(Beginning of Excerpted data)
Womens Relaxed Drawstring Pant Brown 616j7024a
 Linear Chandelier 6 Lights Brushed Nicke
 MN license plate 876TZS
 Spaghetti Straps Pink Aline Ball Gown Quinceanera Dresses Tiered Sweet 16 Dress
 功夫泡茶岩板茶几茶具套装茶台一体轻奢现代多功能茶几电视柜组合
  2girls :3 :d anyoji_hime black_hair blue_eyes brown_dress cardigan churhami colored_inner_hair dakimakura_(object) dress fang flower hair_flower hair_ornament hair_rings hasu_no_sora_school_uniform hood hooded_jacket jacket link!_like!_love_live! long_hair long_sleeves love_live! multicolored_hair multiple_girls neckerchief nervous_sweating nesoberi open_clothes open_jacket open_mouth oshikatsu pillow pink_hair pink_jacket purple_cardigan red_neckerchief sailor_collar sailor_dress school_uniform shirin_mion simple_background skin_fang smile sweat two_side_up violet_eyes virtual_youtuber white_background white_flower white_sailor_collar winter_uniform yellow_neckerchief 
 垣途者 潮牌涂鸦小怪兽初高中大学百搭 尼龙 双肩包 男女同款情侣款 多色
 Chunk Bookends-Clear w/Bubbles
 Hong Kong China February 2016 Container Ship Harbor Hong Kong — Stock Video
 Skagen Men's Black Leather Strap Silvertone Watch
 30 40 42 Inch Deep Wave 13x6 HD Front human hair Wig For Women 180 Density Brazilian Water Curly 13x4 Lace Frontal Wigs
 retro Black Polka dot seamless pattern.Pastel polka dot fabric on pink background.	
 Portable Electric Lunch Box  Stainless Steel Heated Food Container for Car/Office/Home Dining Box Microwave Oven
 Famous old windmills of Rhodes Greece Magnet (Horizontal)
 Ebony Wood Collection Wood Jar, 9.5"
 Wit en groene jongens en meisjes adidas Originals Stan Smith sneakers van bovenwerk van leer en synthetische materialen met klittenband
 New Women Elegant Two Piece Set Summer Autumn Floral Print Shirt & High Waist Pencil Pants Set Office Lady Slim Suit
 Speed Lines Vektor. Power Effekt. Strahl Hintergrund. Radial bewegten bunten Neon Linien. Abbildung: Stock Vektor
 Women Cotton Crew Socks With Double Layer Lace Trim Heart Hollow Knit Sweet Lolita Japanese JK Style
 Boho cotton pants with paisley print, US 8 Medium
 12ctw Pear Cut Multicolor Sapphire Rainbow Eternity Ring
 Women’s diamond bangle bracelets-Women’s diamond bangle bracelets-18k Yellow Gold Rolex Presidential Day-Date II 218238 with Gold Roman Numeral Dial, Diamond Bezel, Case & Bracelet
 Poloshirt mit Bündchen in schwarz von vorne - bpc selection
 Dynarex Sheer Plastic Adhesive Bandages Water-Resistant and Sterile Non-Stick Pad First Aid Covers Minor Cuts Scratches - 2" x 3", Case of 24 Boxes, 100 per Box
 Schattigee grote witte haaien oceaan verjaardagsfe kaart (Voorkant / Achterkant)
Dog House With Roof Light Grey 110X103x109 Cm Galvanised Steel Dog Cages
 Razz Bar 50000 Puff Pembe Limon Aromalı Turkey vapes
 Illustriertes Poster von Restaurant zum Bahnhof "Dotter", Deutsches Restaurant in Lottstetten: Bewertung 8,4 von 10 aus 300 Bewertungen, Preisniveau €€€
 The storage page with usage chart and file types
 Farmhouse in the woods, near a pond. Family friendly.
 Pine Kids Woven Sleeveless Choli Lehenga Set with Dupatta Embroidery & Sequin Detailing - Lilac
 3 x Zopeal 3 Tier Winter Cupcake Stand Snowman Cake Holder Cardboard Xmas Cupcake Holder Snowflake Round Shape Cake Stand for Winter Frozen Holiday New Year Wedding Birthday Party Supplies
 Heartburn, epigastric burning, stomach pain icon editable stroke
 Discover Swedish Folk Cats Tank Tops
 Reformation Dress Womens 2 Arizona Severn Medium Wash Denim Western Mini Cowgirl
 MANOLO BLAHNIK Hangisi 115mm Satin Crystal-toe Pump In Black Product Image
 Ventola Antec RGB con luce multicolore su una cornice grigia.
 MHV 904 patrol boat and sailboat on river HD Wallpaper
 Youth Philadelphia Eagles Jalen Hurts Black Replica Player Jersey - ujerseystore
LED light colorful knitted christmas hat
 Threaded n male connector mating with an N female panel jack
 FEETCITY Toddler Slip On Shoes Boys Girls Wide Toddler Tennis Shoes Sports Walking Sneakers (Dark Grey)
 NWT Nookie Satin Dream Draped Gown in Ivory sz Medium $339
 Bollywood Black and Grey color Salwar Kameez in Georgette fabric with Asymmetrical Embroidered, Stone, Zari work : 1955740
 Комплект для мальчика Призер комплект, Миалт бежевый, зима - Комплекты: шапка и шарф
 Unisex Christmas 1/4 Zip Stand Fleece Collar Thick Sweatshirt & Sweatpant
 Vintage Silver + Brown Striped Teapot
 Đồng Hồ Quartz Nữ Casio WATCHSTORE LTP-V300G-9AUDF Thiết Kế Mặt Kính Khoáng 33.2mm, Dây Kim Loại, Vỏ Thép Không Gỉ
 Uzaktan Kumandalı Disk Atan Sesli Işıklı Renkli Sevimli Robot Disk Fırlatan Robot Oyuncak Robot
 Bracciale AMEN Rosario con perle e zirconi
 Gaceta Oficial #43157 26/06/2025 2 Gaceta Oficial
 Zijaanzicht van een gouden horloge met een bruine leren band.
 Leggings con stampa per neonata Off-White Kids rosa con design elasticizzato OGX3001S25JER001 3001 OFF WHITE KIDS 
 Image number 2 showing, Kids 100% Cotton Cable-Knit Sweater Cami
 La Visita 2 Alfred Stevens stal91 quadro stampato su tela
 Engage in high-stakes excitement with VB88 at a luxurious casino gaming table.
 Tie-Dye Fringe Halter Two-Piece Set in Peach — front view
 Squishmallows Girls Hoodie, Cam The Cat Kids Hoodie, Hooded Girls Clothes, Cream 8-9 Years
(End of Excerpted data)
### What is required
The expected result is an exact transcription of the lines from the one containing "Engage in high-stakes" through the end of the records above; please include both ends.

### Output below
 Engage in high-stakes excitement with VB88 at a luxurious casino gaming table.
 Tie-Dye Fringe Halter Two-Piece Set in Peach — front view
 Squishmallows Girls Hoodie, Cam The Cat Kids Hoodie, Hooded Girls Clothes, Cream 8-9 Years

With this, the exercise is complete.